* Exercise details *
When a line in the data below includes "Usata", count it; then give only the total.
Supplied entries START
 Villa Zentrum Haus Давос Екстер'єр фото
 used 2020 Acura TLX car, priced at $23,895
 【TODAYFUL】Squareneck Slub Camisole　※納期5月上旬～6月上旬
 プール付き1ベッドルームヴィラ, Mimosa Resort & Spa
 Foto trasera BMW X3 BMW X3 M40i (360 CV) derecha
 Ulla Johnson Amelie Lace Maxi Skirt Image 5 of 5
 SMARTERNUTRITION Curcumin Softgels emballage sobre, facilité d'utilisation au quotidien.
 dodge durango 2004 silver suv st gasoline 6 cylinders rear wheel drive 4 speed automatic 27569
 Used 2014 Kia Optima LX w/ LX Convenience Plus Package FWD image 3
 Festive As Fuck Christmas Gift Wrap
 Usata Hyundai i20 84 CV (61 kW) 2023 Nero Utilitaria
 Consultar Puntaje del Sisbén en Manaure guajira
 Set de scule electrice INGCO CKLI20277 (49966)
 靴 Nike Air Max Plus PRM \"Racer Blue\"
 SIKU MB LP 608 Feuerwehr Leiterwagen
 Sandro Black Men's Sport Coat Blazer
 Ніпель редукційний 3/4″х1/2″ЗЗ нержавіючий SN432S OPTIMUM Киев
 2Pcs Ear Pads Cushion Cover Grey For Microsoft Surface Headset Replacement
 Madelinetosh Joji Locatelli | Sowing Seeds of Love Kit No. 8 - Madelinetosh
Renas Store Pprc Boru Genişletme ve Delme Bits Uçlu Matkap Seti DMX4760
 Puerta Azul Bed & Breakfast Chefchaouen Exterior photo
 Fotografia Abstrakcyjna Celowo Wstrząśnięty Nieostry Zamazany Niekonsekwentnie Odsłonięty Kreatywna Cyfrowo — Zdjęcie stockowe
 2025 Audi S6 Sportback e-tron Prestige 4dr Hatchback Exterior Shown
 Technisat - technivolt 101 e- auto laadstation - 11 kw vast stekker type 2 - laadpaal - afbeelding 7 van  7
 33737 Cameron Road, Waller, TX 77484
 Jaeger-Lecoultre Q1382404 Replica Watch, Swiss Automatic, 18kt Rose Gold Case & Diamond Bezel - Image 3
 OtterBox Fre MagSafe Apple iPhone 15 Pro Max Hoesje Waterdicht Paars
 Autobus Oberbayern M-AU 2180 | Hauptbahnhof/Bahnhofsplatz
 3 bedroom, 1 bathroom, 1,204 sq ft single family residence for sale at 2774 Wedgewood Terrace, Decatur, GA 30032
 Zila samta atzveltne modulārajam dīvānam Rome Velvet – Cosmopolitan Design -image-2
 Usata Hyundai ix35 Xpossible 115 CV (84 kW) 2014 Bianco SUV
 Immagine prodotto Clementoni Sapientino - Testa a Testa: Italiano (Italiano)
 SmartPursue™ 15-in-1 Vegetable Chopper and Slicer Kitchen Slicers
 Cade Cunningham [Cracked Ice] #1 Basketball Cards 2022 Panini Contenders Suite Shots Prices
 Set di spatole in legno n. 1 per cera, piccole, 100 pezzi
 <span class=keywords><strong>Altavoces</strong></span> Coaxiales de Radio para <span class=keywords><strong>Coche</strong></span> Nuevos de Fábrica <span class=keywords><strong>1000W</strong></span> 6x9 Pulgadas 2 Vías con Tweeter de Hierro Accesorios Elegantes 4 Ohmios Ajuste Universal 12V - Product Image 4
Supplied entries END
* Result of this task *
2